One audience remember later recalled, "The film was highly moral, demonstrating that right was right, justice could not go awry and Divine intervention was an innocent man's guarantee that he would not be hanged."

===Box office===
The movie proved very popular at the box office. Sterry and Haldane would often appear at screenings, delivering an oration. The Sydney Sun thought "The success of this picture is due in a measure, perhaps, to the eliminating of gruesome details, and certainly to the accompanying talks by Messrs. Haldane and Sterry."

In May 1922 Everyone's called it "a remarkable draw everywhere, capable of converting any week night into a Saturday, as can be vouched for by those showmen who have handled it."

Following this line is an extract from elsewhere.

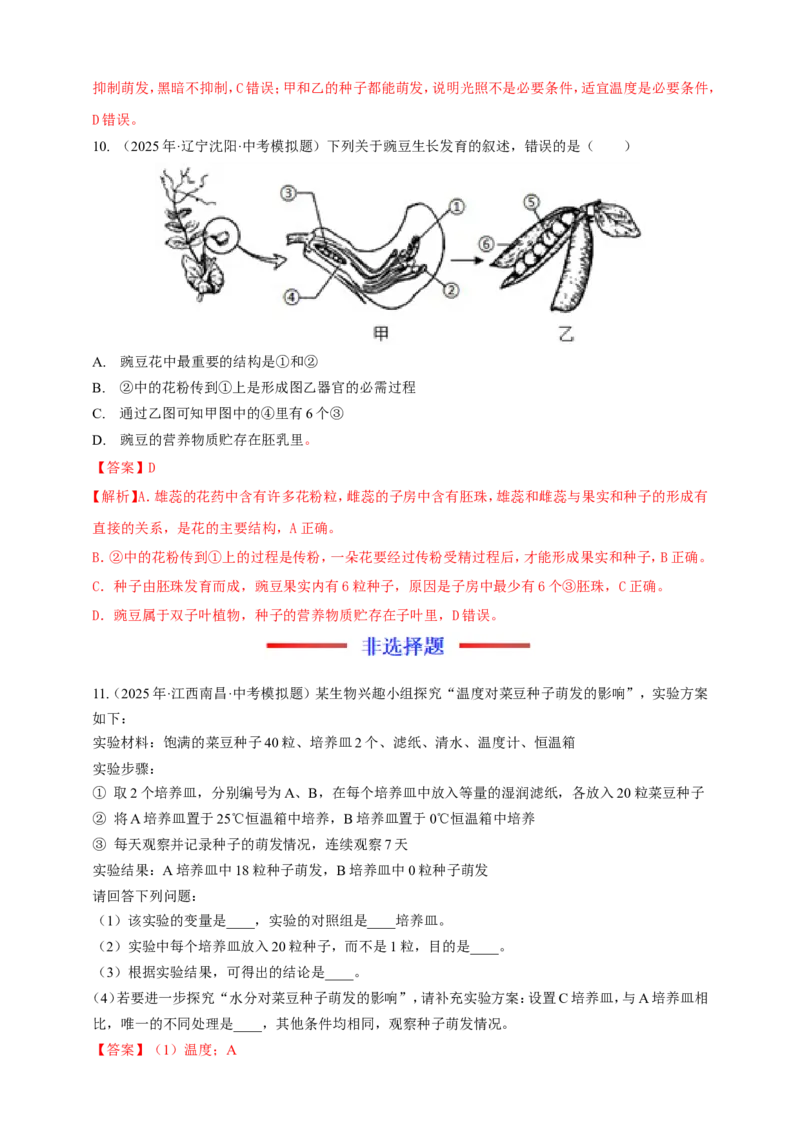 名师导航专题05被子植物的一生--2026年中考生物一轮复习学案（解析版）_6生物中考复习_2026年中考复习（更新中）_2026年中考生物一轮复习学案（原版卷+解析版）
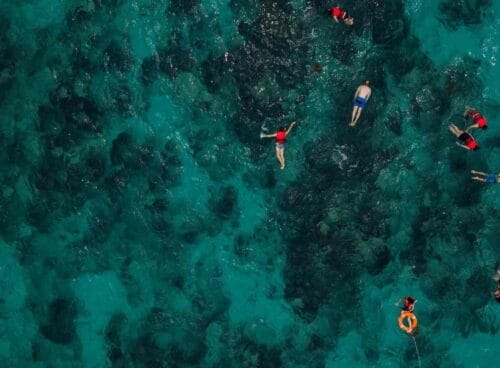 8 Amazing Adventure Ideas You and Your Besties Can Enjoy While at Sea | Spurzine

In March 1923 the film was called "a big money-spinner through most of Australia during the past fifteen months." In June it was reported Sterry "had cleaned up everywhere with The Man They Could Not Hang... financially, but since his departure Mr. Mervyn Barrington has received many applications from suburban and country exhibitors, all anxious to obtain this picture. In fact, three managers have re-booked it for the second time; something rather unusual for an Australian production."

==Overseas release==
Haldane also toured the English speaking world showing this film and providing the oration that accompanied it. Truth wrote in September 1922 when Haldene left overseas that "perhaps, in hewing a path through, what has always proved in the past a jungle of opposition, Mr. Haldane will make easier the way of producers from this country, who may well expect the same treatment of their offerings in other countries as Is usually accorded the importations to this."

In September 1922 Haldane took a copy of the film to South Africa. However, the film was banned there. According to The Bulletin in May 1923:
Six months ago Hugh D. Wilson... left for South Africa with the calamitous made-in-Australia film, The Man They Could Not Hang. They reached Jo’burg just when the leaders of the Red Rebellion were about to be executed. Owing to the electrical atmosphere prevailing, the authorities intervened, and The Man wasn't permitted, to hang or flicker either. Wilson and Haldane moved on to England, and have since been working steadily through the U.K. with the celluloid catastrophe. The Man They Could Not Hang is at present advertising Australia in Wales. What's the use of having a cinematograph censorship if films like this unpleasant thing are not only suffered to be made and exhibited here, but are allowed to go forth to the ends of the earth?

In August 1924 an Everyone's correspondent in London wrote "this picture has even been a bigger success than it was in Australia; so much for the morbid taste of the present-day patron." In November 1924 Wilson was in Canada and Everyone's said the film "is proving one of the biggest successes in the film world." By April 1925 it was reported the film had played in Canada, Britain and New Zealand. In 1926 Everyones reported the film had been playing in Britain for several years. In 1928 the film was still screening in New Zealand.

Haldene said he toured with the film to England, Ireland, Scotland, Wales and Canada. He also met Lees mother and sister and showed them the film.